We're asked to find a solution to r**3 = 3 (mod 10**k). We want to find an exponent e for which the map x -> x**e is inverse to cubing x -> x**3 working mod 10**k, just as the decryption and encryption exponents in RSA cancel to produce the original value. This means that (x**3)**e = x (mod 10**k) for all x. (We'll assume throughout that gcd(x,10) = 1.) Then, we can recover r by inverting the cubing to get r = 3**e (mod 10**k).

Expanding out (r**3)**e = r (mod 10**k), we get

r**(3*e-1) = 1 (mod 10**k)

We're looking for an exponent 3*e-1 that guarantees that multiplying that many copies gives us 1.
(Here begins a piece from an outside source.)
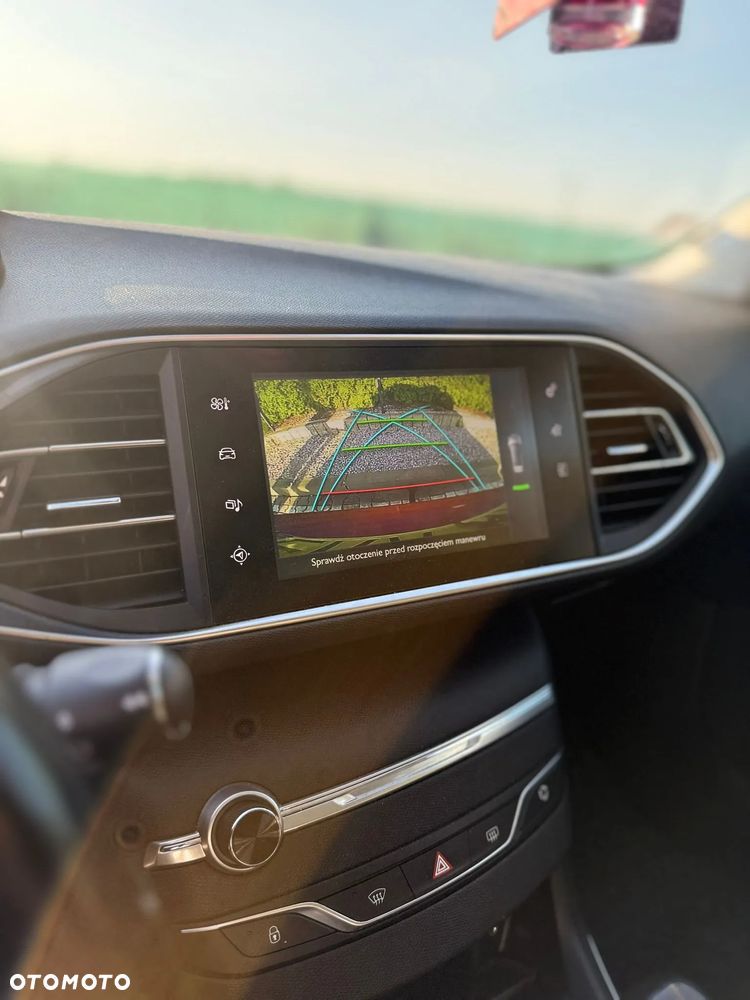 Peugeot 308 SW BlueHDi 150 EAT6 Stop & Start Allure - 16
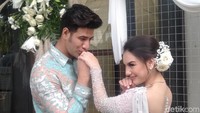 Ammar Zoni dan Irish Bella menggelar pertunangan. Vey/detikHOT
Multiplication modulo 10**k forms a group for invertible numbers, that is those with gcd(x,10) = 1. By Lagrange's Theorem, x**c = 1 where c is the count of elements in the group. For the group modulo N, that count is the Euler totient value φ(N), the number of values from 1 to N that are relatively prime to N. So, we have r**φ(10**k) = 1 (mod 10**k). Therefore, its suffices for 3*e-1 to be a multiple of φ(10**k).

We compute

φ(10**k) = φ(5**k) φ(2**k)= 4 * 5**(k-1) * 2**(k-1) = 4 * 10**(k-1)`

So, we want 3*e-1 to be a multiple of 4 * 10**(k-1)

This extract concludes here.